# Deputy Sheriff Dewayne Crenshaw



## kwflatbed (Dec 29, 2004)

Deputy Sheriff Dewayne Crenshaw



*Tippah County Sheriff's Department
Mississippi*
End of Watch: Friday, December 3, 2010
Biographical Info
*Age:* 62
*Tour of Duty:* 7 years
*Badge Number:* T-5
Incident Details
*Cause of Death:* Gunfire
*Date of Incident:* Friday, December 3, 2010
*Weapon Used:* Gun; Unknown type
*Suspect Info:* Charged with capital murder
Deputy Sheriff Dewayne Crenshaw was shot and killed after responding to a call of a domestic dispute at a home on County Road 500.

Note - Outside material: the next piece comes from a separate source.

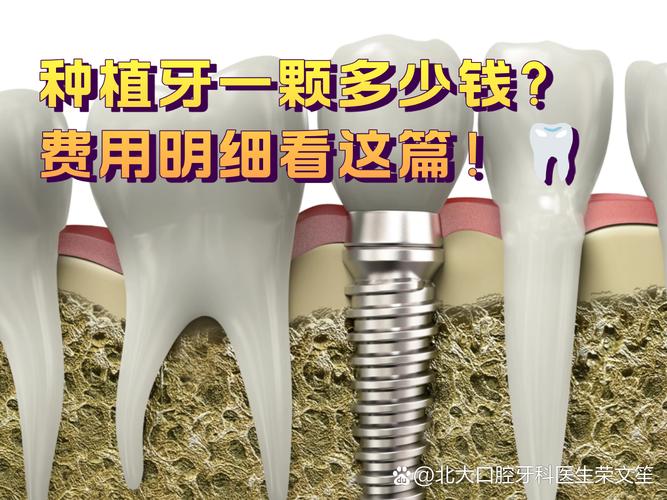 南京2025年种牙一颗到底要花多少钱？看完这篇不踩坑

Deputy Crenshaw and another deputy responded to a domestic dispute at approximately 4:00 am in a rural area near Ripley. When they arrived at the scene they encountered a male subject outside. As they made contact with the man Deputy Crenshaw was fatally shot.

The suspect was arrested and charged with capital murder.

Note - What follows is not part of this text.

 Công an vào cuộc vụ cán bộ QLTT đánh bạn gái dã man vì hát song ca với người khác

Deputy Crenshaw was a U.S. military veteran and had served as a patrol deputy for the Tippah County Sheriff's Department for seven years. He had previously served as a detention officer with the agency.

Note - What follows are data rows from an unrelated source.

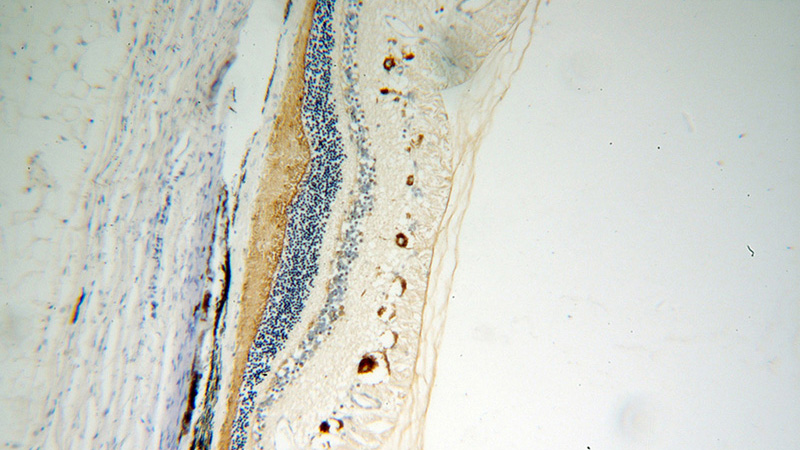 Immunohistochemical of paraffin-embedded human eye using Catalog No:114561(RBP3 antibody) at dilution of 1:50 (under 10x lens)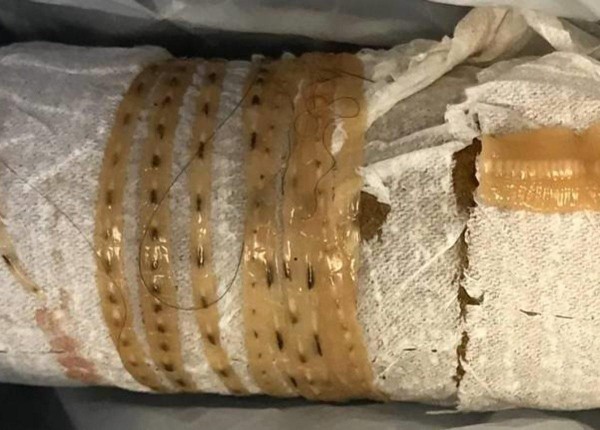 美國男疑因酷愛生吃鮭魚,導致感染寄生蟲,如廁時竟拉出一條1.6公尺長的絛蟲。(圖擷自AOL)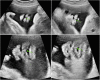 Fig. 3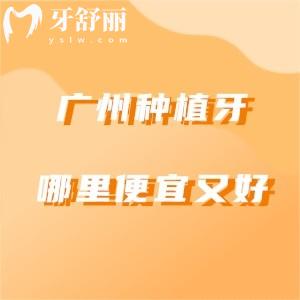 广州种植牙哪里便宜又好？分享广州牙科医院排行榜前十名技术好价格实惠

He is survived by his wife, four children, and one stepchild. One of his sons also works for the department.

Agency Contact Information
Tippah County Sheriff's Department
205 W Spring Street
Ripley, MS 38663

Phone: (662) 837-0336

_*Please contact the Tippah County Sheriff's Department for funeral arrangements or for survivor benefit fund information*_


----------



## cc3915 (Mar 26, 2004)

Rest in Peace Deputy Crenshaw.


----------



## DEI8 (Jan 20, 2006)

Rest in Peace Deputy Crenshaw


----------



## SPINMASS (Jan 30, 2004)

RIP Deputy


----------